The images read as screens, containers for information, or illusions of animated space. They present an ambiguous space of representation where shapes and forms reminiscent of recognizable signs or symbols—visual elements we are used to encountering as disseminators of information—have been refigured into what Martin calls “almost signs.” Even though they carry a level of familiarity, they do not reference anything specific. The deliberate ambiguity of the work incites intrigue and close observation, which is rewarded by the subtleties Martin incorporates within the layers. Shadow-like repetition of shapes, reversals between positive and negative space, and sensitive linework add richness and complexity to these compositions, which can appear deceptively straightforward at first glance.

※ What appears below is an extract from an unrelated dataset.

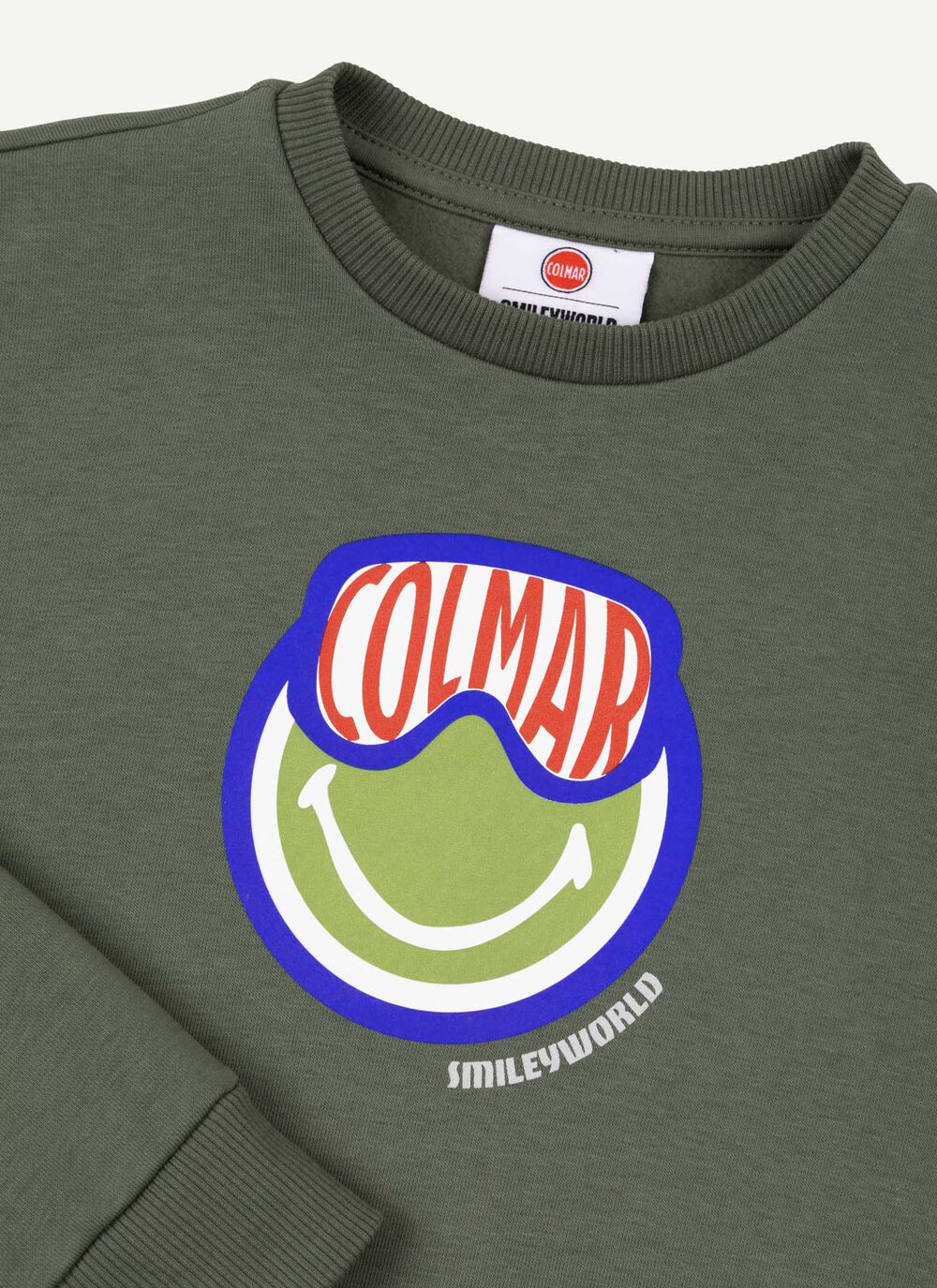 Unisex SmileyWorld&reg; sweatshirt image number 6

An element that reoccurs throughout these prints is what Martin has referred to as a “potential for aperture.” These openings or gaps that emerge in the middle ground of Aggregate and Hoverthe background of Derivation, and the foreground of Partial Double present windows through which information may be passed in environments that otherwise feel sealed and contained. Those openings, considered in context to the “almost signs” that share the same space, nod to all the possibilities presented by these works. They expand the theoretical discussion surrounding representation to contemplate the political effects of abstraction.

Although these pictures depict what feel like complete thoughts, as the floating forms pose as if steadfast objects or figures occupying a space, Martin considers paintings and prints as inherently fragmented. An edge is a device that automatically makes a thing partial. The edges in these works—not only the edges of the image or where the paper ends, but also the edges of the shapes within these pieces—must be carefully considered as additional points of information. They question what has been left out just as much as they present what has been included. The dichotomies created by Martin’s edges or apertures—of what these pieces are and what they are not—also relate to how he makes the work. Martin draws out elements of the images digitally before transferring them to his painting support. Still, it is within the actual painting process where chance and additional aspects of play impact the trajectory of the image-making process. By applying paint to his supports in very thin layers, often by spraying through elaborate stencils, Martin produces paintings with surfaces that are so smooth and slick that viewers often mistakenly think that they were printed. These surfaces echo the technical aesthetic of the images, but they also conceal Martin’s hands-on approach to his image production. The photo-based screen printing and relief printmaking processes chosen to produce these six new prints continue this complex relationship between handmade, mechanical, and digital modes of creation.

Cameron Martin, Hover, 2023

Cameron Martin, Hover, 2023. Click to view.

Cameron Martin, Fissure, 2023

Cameron Martin, Fissure, 2023. Click to view.

Cameron Martin, Partial Double, 2023

Cameron Martin, Partial Double, 2023. Click to view.


Cameron Martin (b. 1970, Seattle, Washington) received his BA from Brown University and continued his studies at the Whitney Independent Study Program. His paintings feature overlapping and undulating forms, patterns, and geometric spaces that question conventions of picturing, abstraction, and representation. Martin is a recipient of the John Simon Guggenheim Foundation Fellowship (2010), the Joan Mitchell Foundation Fellowship (2008), and the Artists Giverny Fellowship and Residency (2001). His work has been exhibited in a diverse range of venues, including the Whitney Museum of American Art, Gallery Min Min (Tokyo, Japan), Seattle Art Museum, Saint Louis Art Museum, the Horticultural Society of New York, Columbus Museum of Art, City Gallery (Wellington, New Zealand), and Tel Aviv Museum. His work is included in the permanent collections of the Whitney Museum of American Art, Albright-Knox Gallery, Minneapolis Institute of Art, and Saint Louis Art Museum, among others. Cameron Martin splits his time between New York and Chicago, where he is the F.H. Sellers Professor in Painting at the School of the Art Institute of Chicago.